Sri Lanka Brief
FeaturesNewsInternational concerns grow over plight of Sri Lanka’s Menik Farm refugees

International concerns grow over plight of Sri Lanka’s Menik Farm refugees


 As the Sri Lankan government plans to close the Menik Farm camp, one of the world”s largest refugee camps, located in the country’s northern region, international concerns have grown regarding the conditions of the refugees who will be located to new camp site.

The government said that the 7,400 people remaining in the camp, that accommodated around 300,000 Tamil civilians caught up in the extreme violence of the final months of Sri Lanka”s civil war in 2009, will be relocated to a new site including ‘semi-permanent houses,’ in about two weeks” time.

But Tamil politicians say that they will have to go to areas that are little more than newly cleared jungle, the BBC reports.

The government claimed that it was doing its best to help displaced people, but there has been strong international criticism about conditions in the camp, especially the fact that its inmates were not allowed into or out of it for the first six-and-a-half months of peacetime, the report said.

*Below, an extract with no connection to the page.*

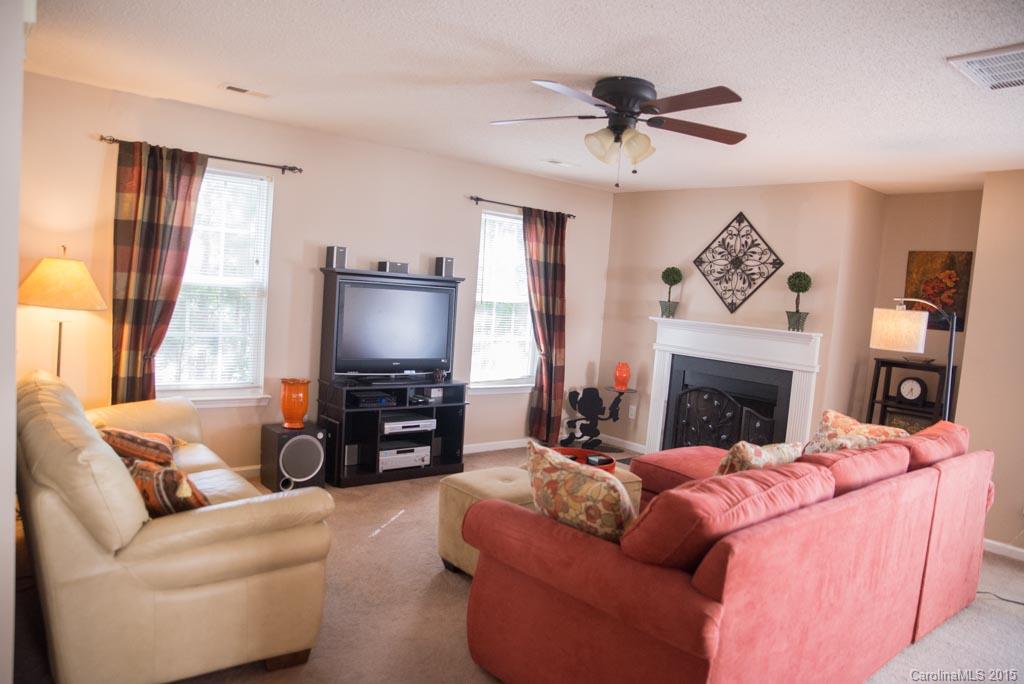 11127 Pointer Ridge Drive Charlotte, NC 28214 - Photo 4 of 24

The number of inhabitants has fallen sharply as people have been returning to their home areas with small grants to try to rebuild their lives.

People who are still in the camp come from the area where the final, and bloodiest, fighting took place, and they are not being allowed home for the foreseeable future.

The government’s move has also angered environmentalists, as the refugees will be housed in a newly established village called Kombavil, in a cleared 600-acre patch of jungle.

When asked why can’t refugees go back to the villages that they originally came from, the government said that it is not possible because those areas are now special economic development areas, uncleared minefields or on land the military wants to keep.